3. Organizational Framework

This paper builds a flexible cyber security incident response-resilient organization based on the related research. A resilient organization is prepared to deal with the unexpected and able to adapt to current situations. Resilience is an immanent property that must be developed over time [42]. It’s a relation between resilience and workplace stress and information security awareness (ISA) and the conclusion that when employees cope with or adapt to job stress, cyber security awareness increases, thus improving resilience of the organization [43]. Generally, small enterprises lack knowledge and resources to address cyber security threats. This is crucial to raise their awareness of cyber security and resilience [44]. Organization must aim to improve employees’ security awareness, optimize the cyber emergency response process, and deal with cyber security incidents more wholly and effectively. Table 1 compares the key characteristics of other organization types and resilient organization structures in this study. Functional organization, matrix organization (including weak matrix organization, balanced matrix organization and strong matrix organization) and flexible organization are compared according to the following characteristics, highlighting the advantages of resilient organization in the characteristics of each project: the rights of the project manager, the proportion of staff participating in the project full time, the position of the project manager, technical personnel and management personnel.

4. Methodology

This section is divided into three parts.

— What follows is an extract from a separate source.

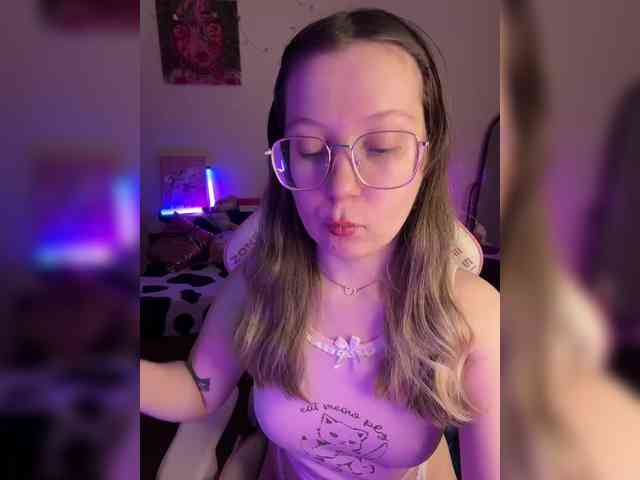 henby_streams webcam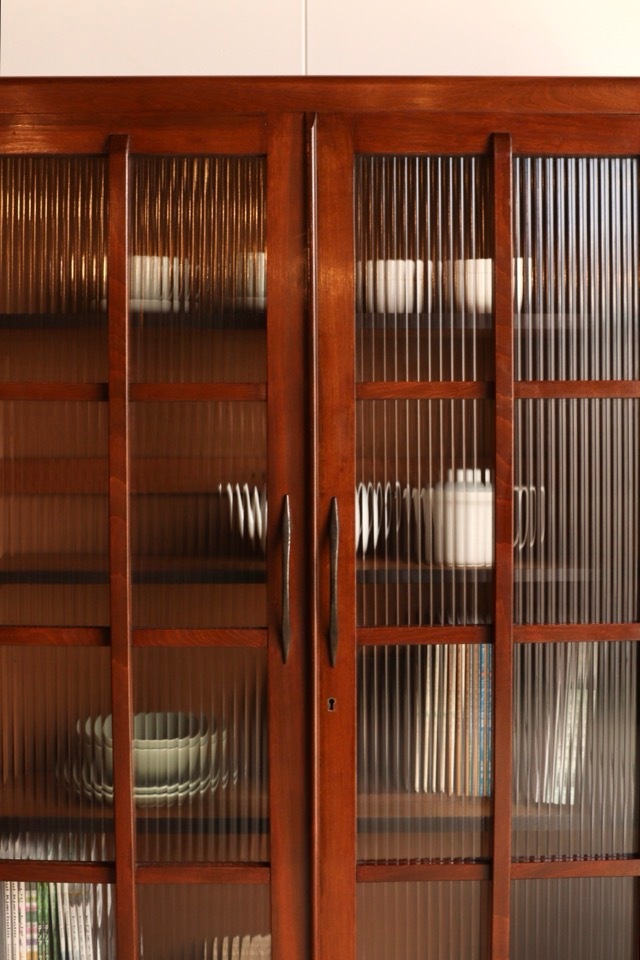 モールガラスの戸棚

In Section 4.1, we propose a new incident response process according to the problems existing in related research and organizational frameworks. Then, in Section 4.2, we briefly describe the work to be performed at each step of the response process and point out that the implementation of the process should be based on the flexibility of situation analysis. Finally, in Section 4.3, we describe in detail the evaluation method of the effectiveness of control measures in the incident response process.

4.1. Propose a Model

In the cyber security response process, cyber security teams aim to detect, analyze, eradicate, and recover from potential cyber security incidents in a timely and cost-effective manner [45]. On the basis of resilient organization as part of an organizational framework, this paper proposes a model with a combination of security awareness and incident response. As a comprehensive work, cyber security incident response not only involves key technologies such as intrusion detection, timely diagnosis, attack isolation, and rapid recovery but also puts forward higher requirements for security awareness management. Hence, in this paper, emergency response is divided into six stages: awareness, preparation, detection, containment, eradication, and recovery.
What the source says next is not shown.